I have an API endpoint which I am trying to stress test which reads a very large MongoDB database collection (2 million documents). Each query takes roughly 2 seconds however the problem I am having is that the connection to the database isn't being pooled correctly so each query runs sequentially instead of concurrently.
I am using Mongoose to connect to my database and I am using artillery.io for testing.
Here is my connection code:
const mongoose = require('mongoose');
const Promise = require('bluebird');
const connectionString = process.env.MONGO_DB || 'mongodb://localhost/mydatabase';
mongoose.Promise = Promise;
mongoose.connect(connectionString, {
server: { poolSize: 10 }
});
const db = mongoose.connection;
db.on('error', console.error.bind(console, 'connection error: '));
db.once('open', function() {
console.log('Connected to: ' + connectionString);
});
module.exports = db;
It's your pretty bog standard connection procedure however probably the most important part is the server: { poolSize: 10 } line.
I am using the following script for artillery.io testing:
config:
target: 'http://localhost:1337'
phases:
-
duration: 10
arrivalRate: 5
name: "Warm-up"
scenarios:
-
name: "Search by postcodes"
flow:
-
post:
url: "/api/postcodes/gb_full/search"
headers:
Content-Type: 'application/json'
json:
postcodes:
- ABC 123,
- DEF 345,
- GHI 678
This test executes 50 calls to the API over 10 seconds.
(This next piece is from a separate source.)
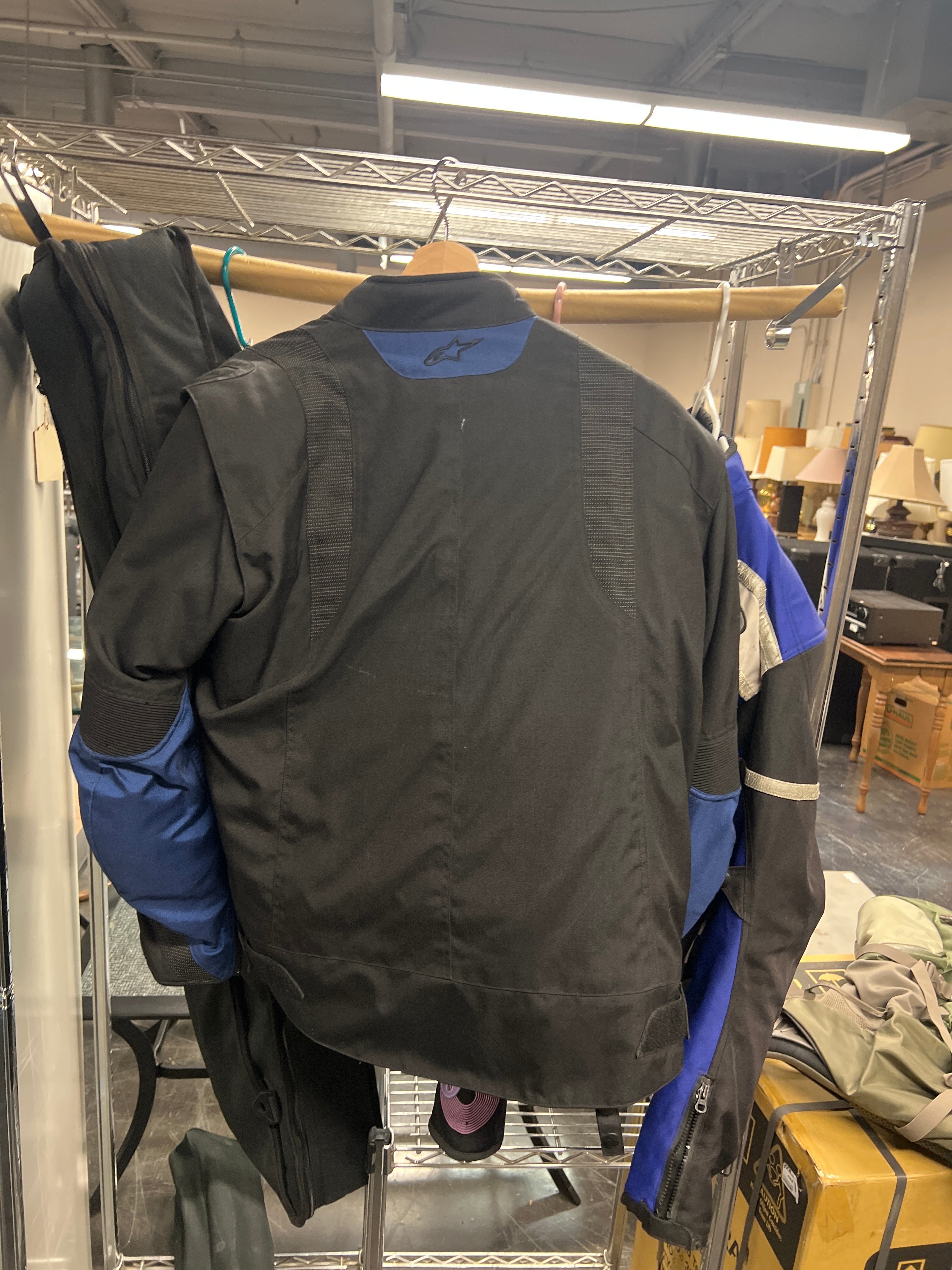 Alpinestars Motorcycle Jacket Blue (Used) XL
Now here's where the problem is, the API appears to execute queries sequentially, see the test results below:
"latency": {
"min": 1394.1,
"max": 57693,
"median": 30222.7,
"p95": 55396.8,
"p99": 57693
},
And the database logs are as follows:
connection accepted from 127.0.0.1:60770 #1 (1 connection now open)
...
2017-04-10T18:45:55.389+0100 ... 1329ms
2017-04-10T18:45:56.711+0100 ... 1321ms
2017-04-10T18:45:58.016+0100 ... 1304ms
2017-04-10T18:45:59.355+0100 ... 1338ms
2017-04-10T18:46:00.651+0100 ... 1295ms
It appears as though the API is only using one connection, which seems correct however it was my understanding that this will automatically put the poolSize to good use and execute these queries concurrently instead of one at a time.
What am I doing wrong here? How can I execute these database queries in parallel?
Edit 1 - Model and Query
To hopefully make things a little clearer, I am using the following model:
const mongoose = require('mongoose');
const db = require('...');
const postcodeSchema = mongoose.Schema({
postcode: { type: String, required: true },
...
location: {
type: { type: String, required: true },
coordinates: [] //coordinates must be in longitude, latitude order.
}
});
//Define the index for the location object.
postcodeSchema.index({location: '2dsphere'});
//Export a function that will allow us to define the collection
//name so we'll pass in something like: GB, IT, DE ect for different data sets.
module.exports = function(collectionName) {
return db.model('Postcode', postcodeSchema, collectionName.toLowerCase());
};
Where the db object is the connection module explained at the top of this question.
And I am executing a query using the following:
/**
* Searches and returns GeoJSON data for a given array of postcodes.
* #param {Array} postcodes - The postcode array to search.
* #param {String} collection - The name of the collection to search, i.e 'GB'.
*/
function search(postcodes, collection) {
return new Promise((resolve, reject) => {
let col = new PostcodeCollection(collection.toLowerCase());
col.find({
postcode: { $in: postcodes }
})
.exec((err, docs) => {
if (err)
return reject(err);
resolve(docs);
});
});
}
And here is an example of how the function can be called:
search(['ABC 123', 'DEF 456', 'GHI 789'], 'gb_full')
.then(postcodes => {
console.log(postcodes);
})
.catch(...);
To re-iterate, these queries are executed via the node.js API, therefore they should already be asynchronous however the queries themselves are being executed one after the other. Therefore I believe the problem may be on the MongoDB side but I have no idea where to even start looking. It's almost as if MongoDB is blocking any other queries from being executed against the collection if there is already one running.
I am running an instance of mongod.exe locally on a Windows 10 machine.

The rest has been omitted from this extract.